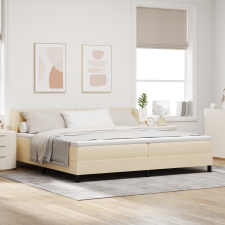vidaXL Boxspring Ágy Mattal Krém 200x200 cm Szövet ágy és ágykellék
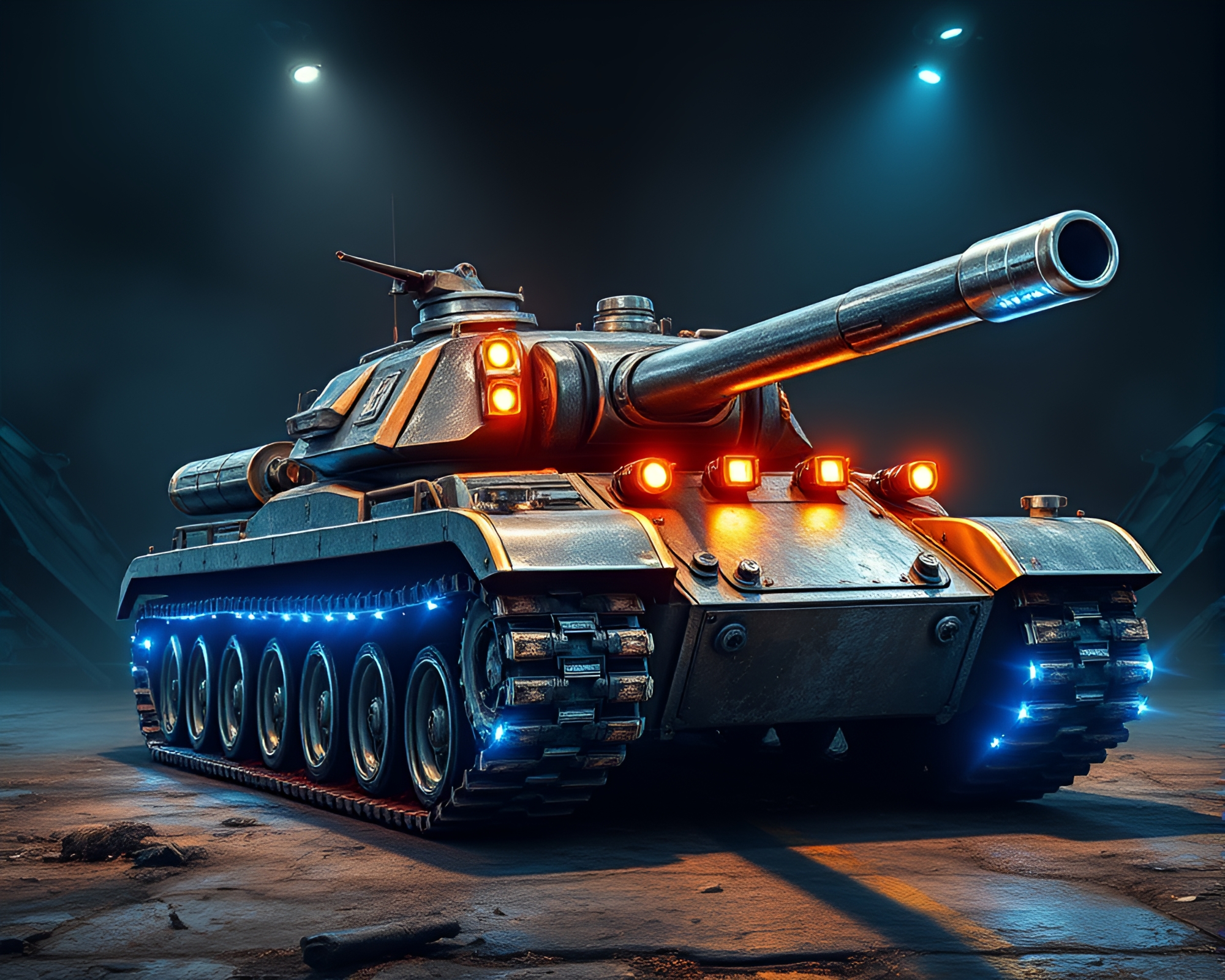 Armored Tank with Silver Leaf Accents – free AI stock image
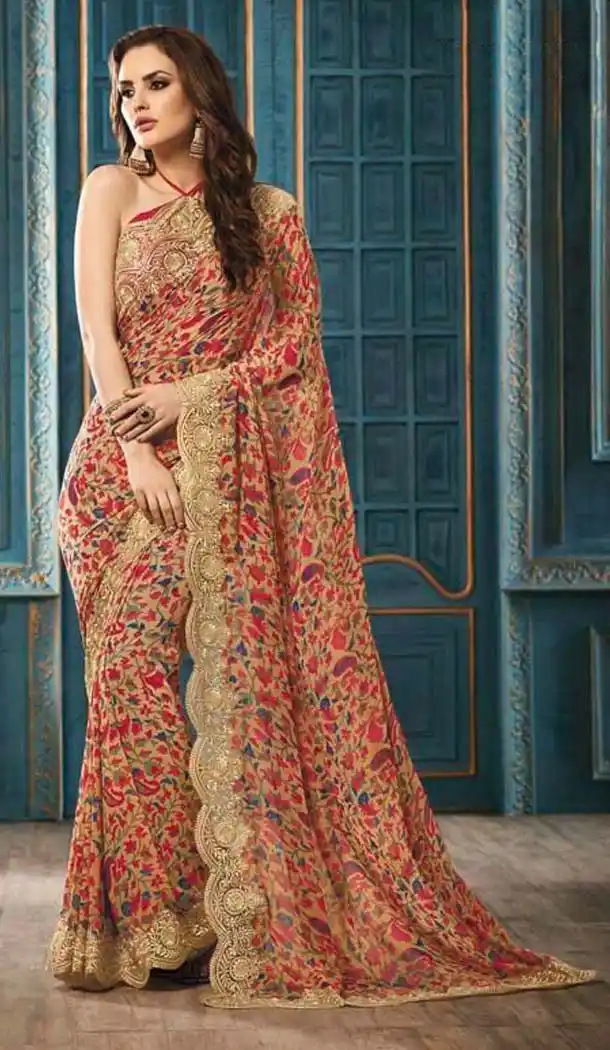 Printed Work Casual Wear Saree in Beige Color and Georgette | FH574185051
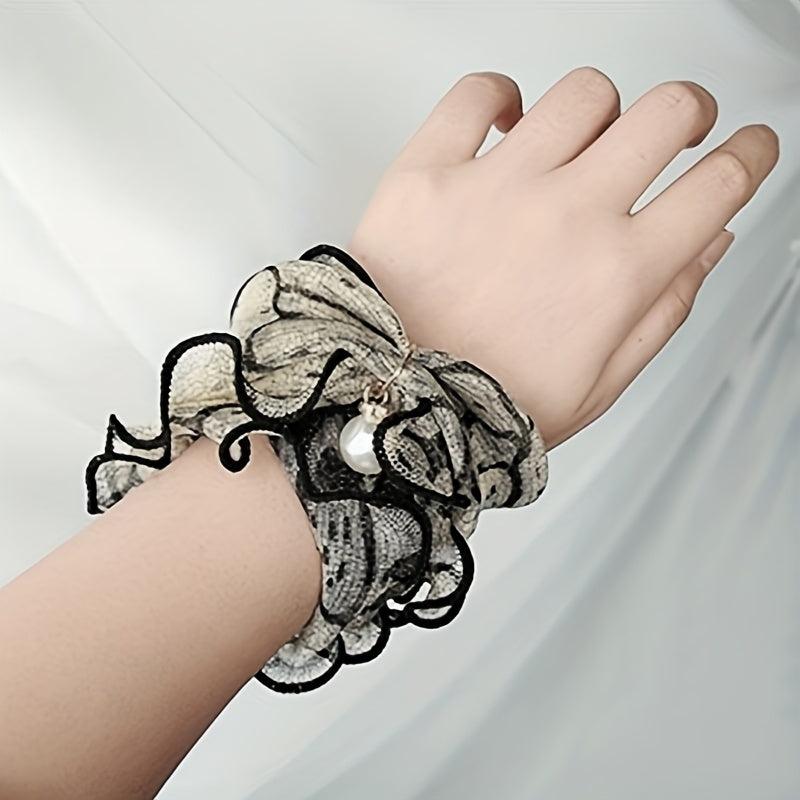 Lace Ruffles Scarf Faux Pearl Pendant Neck Gaiter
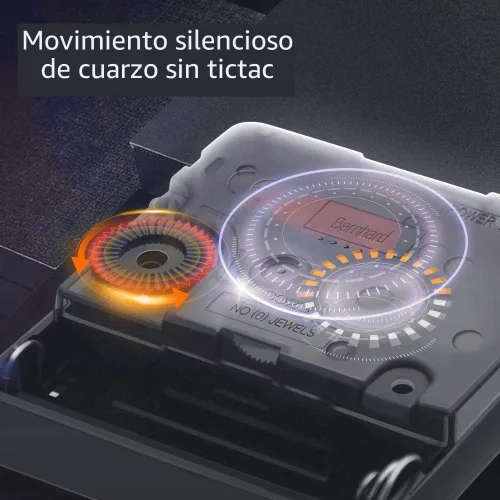 Miniatura 4 de Bernhard Products Reloj de pared negro, grande de 13 pulgadas, silencioso, de cuarzo, funciona con pilas, redondo, fácil de leer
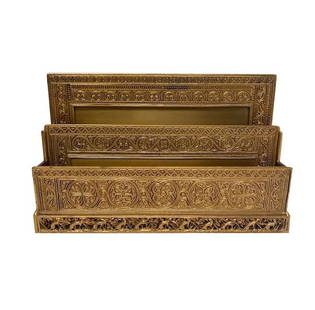 Tiffany Studios Venetian Letter Rack Bronzed Gold 6x10x3 Inches: Tiffany Studios Venetian Letter Rack Bronzed Gold 6x10x3 Inches This exquisite Bronzed Gold Color Tiffany Studios Venetian Letter Rack is a rare collectible in excellent condition, free from chips or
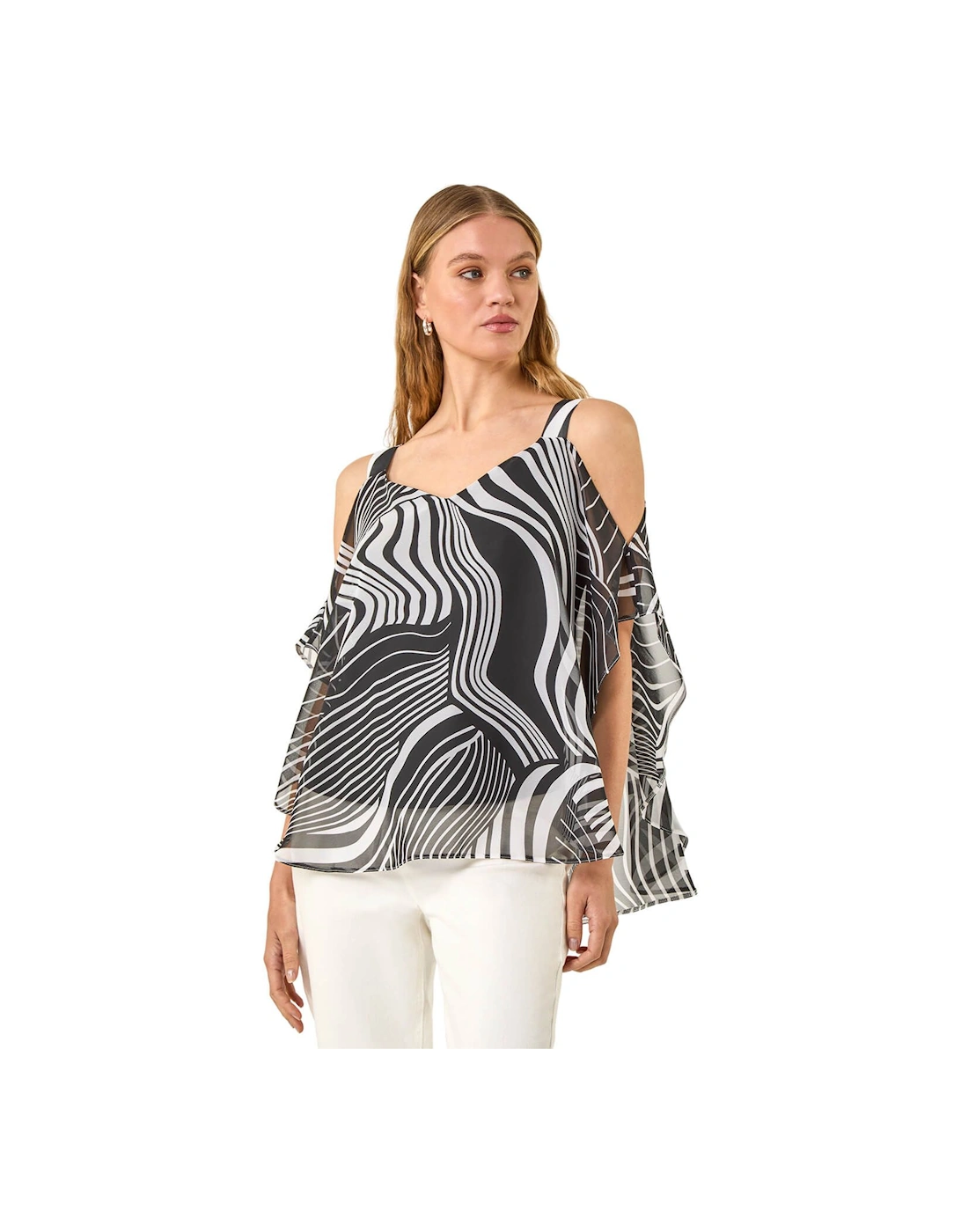 Mono Print Cold Shoulder Top, 2 of 1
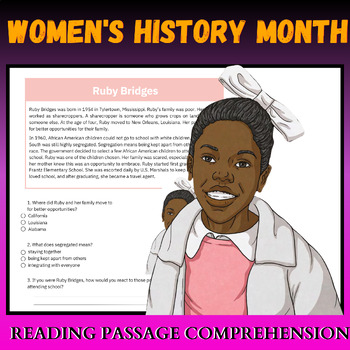 Preview of Women's History Month -3rd Grade Ruby Bridges Reading Comprehension activity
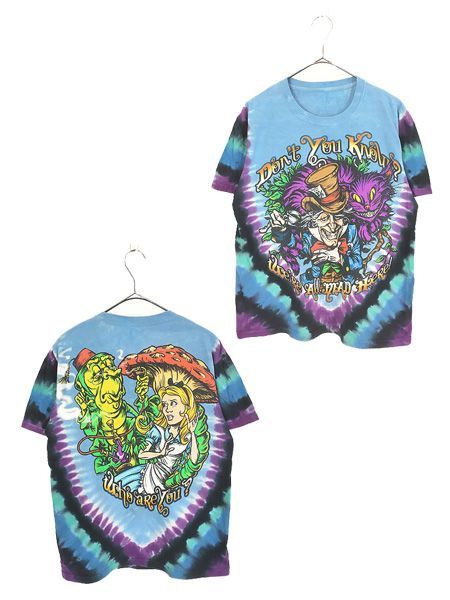 古着 10s Alice in Wonderland 不思議の国のアリス 「We're All Mad Here」 タイダイ Tシャツ M位 古着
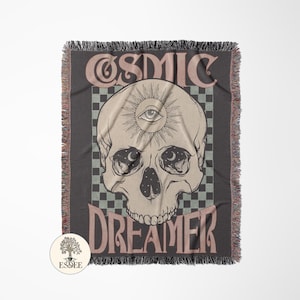 Cosmic Dreamer Woven Blanket: Witchy Skeleton Tapestry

- _About this task_
When you repeat the material above, keep every word exact and leave out the pictures.

- _Answer for this exercise_
vidaXL Boxspring Ágy Mattal Krém 200x200 cm Szövet ágy és ágykellék
 Armored Tank with Silver Leaf Accents – free AI stock image
 Printed Work Casual Wear Saree in Beige Color and Georgette | FH574185051
 Lace Ruffles Scarf Faux Pearl Pendant Neck Gaiter
 Miniatura 4 de Bernhard Products Reloj de pared negro, grande de 13 pulgadas, silencioso, de cuarzo, funciona con pilas, redondo, fácil de leer
 Tiffany Studios Venetian Letter Rack Bronzed Gold 6x10x3 Inches: Tiffany Studios Venetian Letter Rack Bronzed Gold 6x10x3 Inches This exquisite Bronzed Gold Color Tiffany Studios Venetian Letter Rack is a rare collectible in excellent condition, free from chips or
 Mono Print Cold Shoulder Top, 2 of 1
 Preview of Women's History Month -3rd Grade Ruby Bridges Reading Comprehension activity
 古着 10s Alice in Wonderland 不思議の国のアリス 「We're All Mad Here」 タイダイ Tシャツ M位 古着
 Cosmic Dreamer Woven Blanket: Witchy Skeleton Tapestry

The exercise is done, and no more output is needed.